At the end of Chapter 13, Mr. Malter responds to Reuven’s outcry about Reb Saunders—”He’s such a—a fanatic!”—by pointing out that were there not such men as Reb Saunders, Jews would no longer exist, for they would have been erased as a people. Here, Mr. Malter exhibits such an even-tempered and understanding philosophy of life that we marvel at him as a character.

Chapter 14 is noteworthy for Reuven’s extended explanation of a Talmudic passage in class. His four-day answer comes on the heels of silence, both between him and Danny and in class. One of his strongest statements concerning silence occurs early in the chapter: “Silence was ugly, it was black, it leered, it was cancerous, it was death.” Responding to this characterization of silence and the enforced silence between him and his best friend, Reuven launches into his one-sided discussion about the Talmudic passage.
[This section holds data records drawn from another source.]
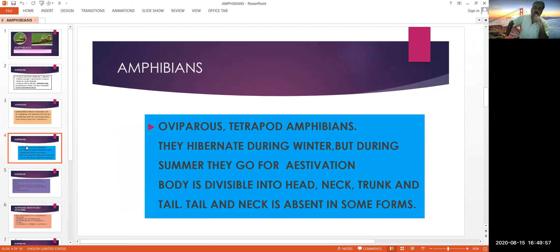Amphibians, reptiles, birds, and mammals are all called tetrapods. They can hibernate during winter, but during summer they go for aestivation. Hibernation means during severe cold they go into winter sleep, during which animals use fat as their reserved feed material.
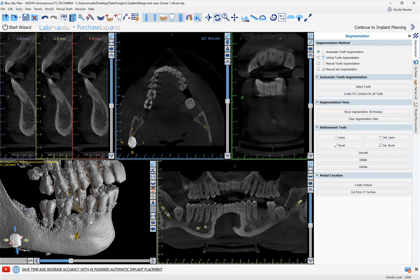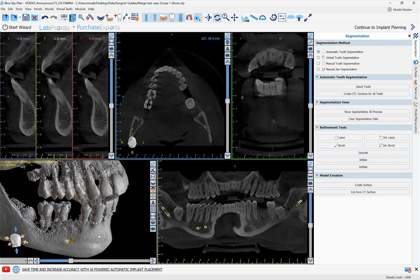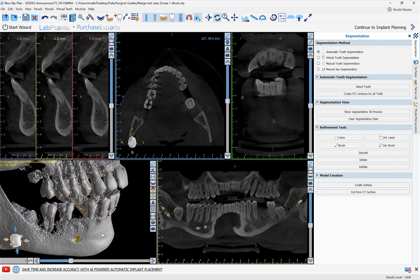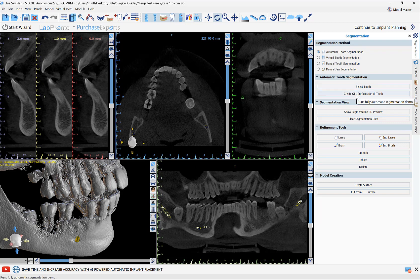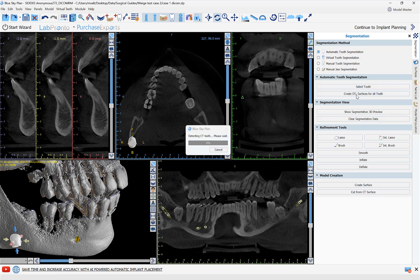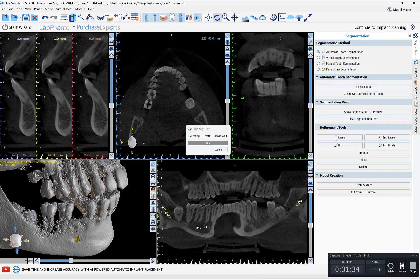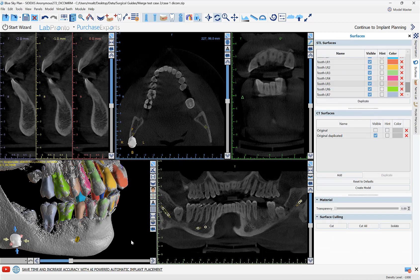We can now see the 3D CT view without the tooth that we just removed. If we do want to go ahead and segment all of our teeth with the click of a button, we can go to automatic tooth segmentation and create STL surfaces for all teeth. This will take a minute to run.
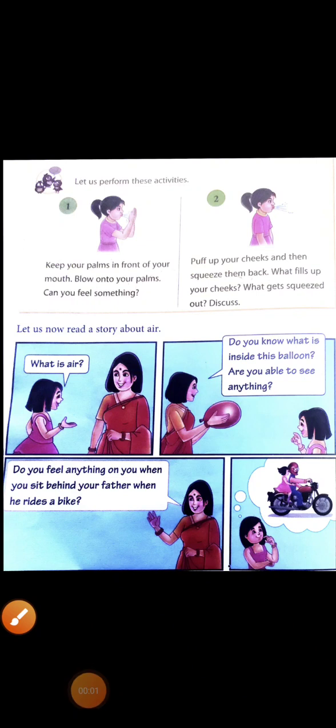Good morning everyone. Dear students, today we will read Chapter 9 — Air. Yes, children, Air.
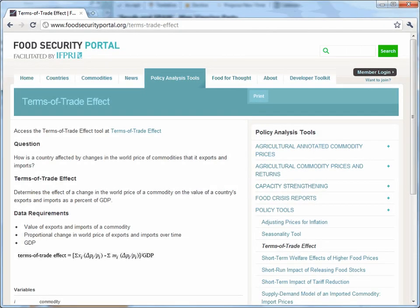Welcome to the Terms of Trade Effect Simulator, a quick and easy way to assess the country-level impact of a change in world commodity prices. As part of the Food Security Portal, facilitated by IFPRI, the Terms of Trade Effect Simulator will help you evaluate how a country is affected by changes in the world price of commodities that it exports and imports. Let's get started.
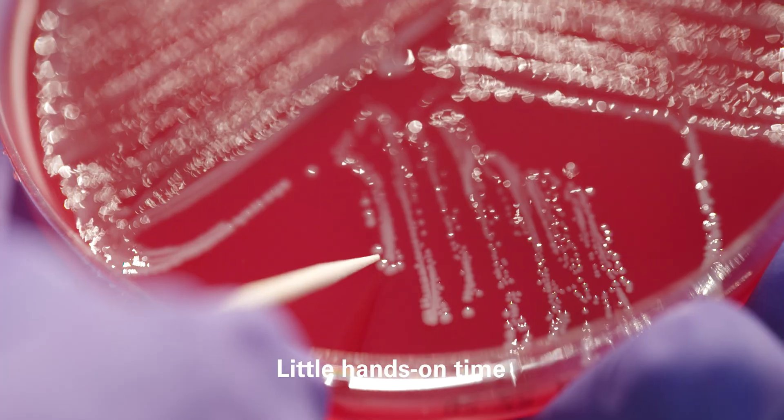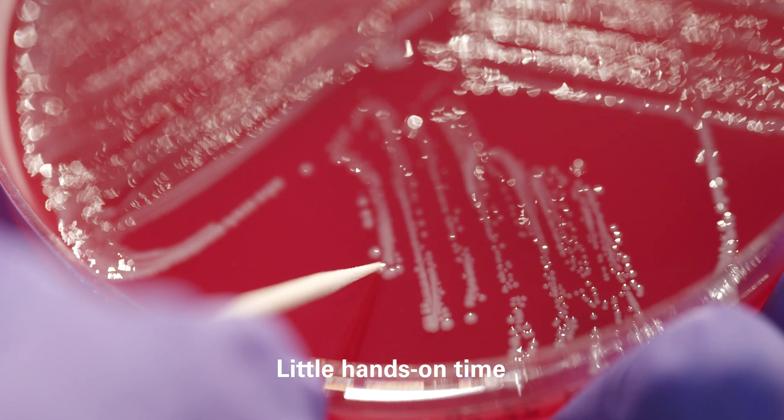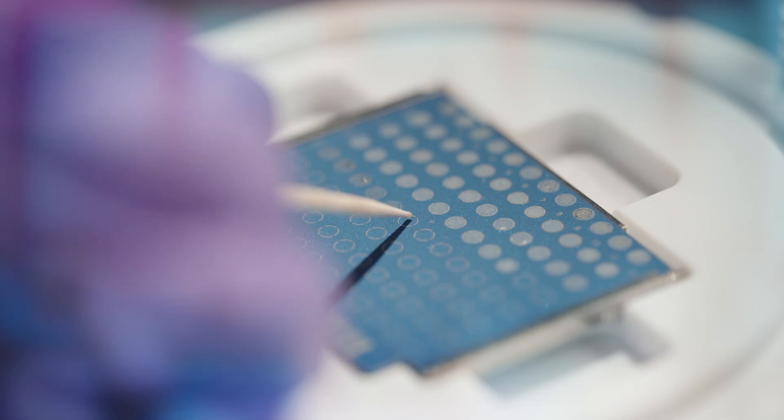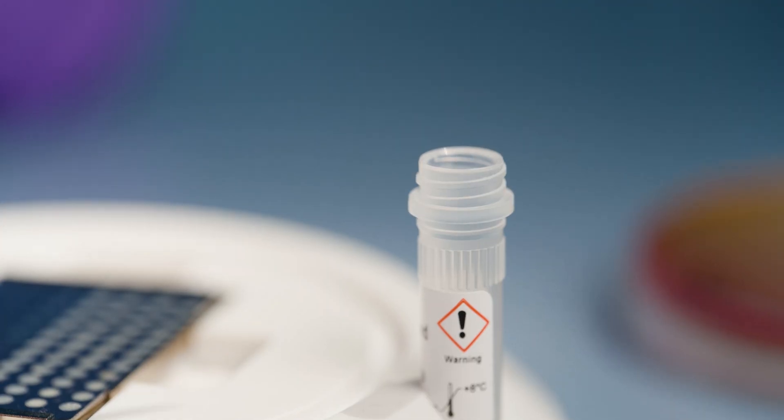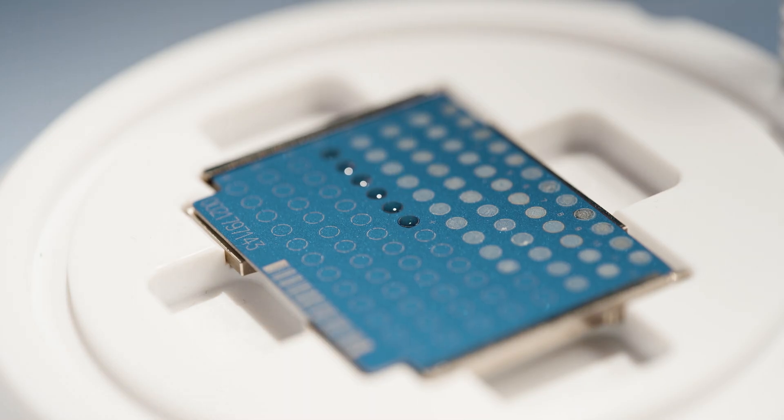After a short and simple sample preparation that starts from a culture, identification results become available in minutes.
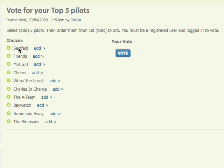If you're not registered and logged in, then you won't see this vote button here, so you need to be logged in to be able to vote.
However, when Rav Gershenson, the teacher, asks Reuven what he, and not the historical commentators, thinks is the meaning of the passage, Reuven is speechless, for he cannot explain its meaning. Not even Rav Gershenson can explain. Here, then, Reuven is faced with something that cannot be given meaning, which reminds us of his father’s previous comment that a person gains fulfillment by creating meaning out of life experiences. Reuven learns that some questions have no answers. No doubt Danny, too, who is in Reuven’s Talmudic class, learns the same lesson.

At the end of Chapter 15, Reuven and Danny reconcile. Because of the political and military turmoil in Israel, Reb Saunders must have rescinded his order that Danny not interact with Reuven, or perhaps Danny personally decided to disobey his father’s decree of silence concerning Reuven. Whichever the reason, the two boys—men now—again speak to one another. Their silence and then reunion demonstrate that world events do make a difference in Reb Saunders’ life, although perhaps Reb Saunders would not admit that the secular world impacts his life as much as it does.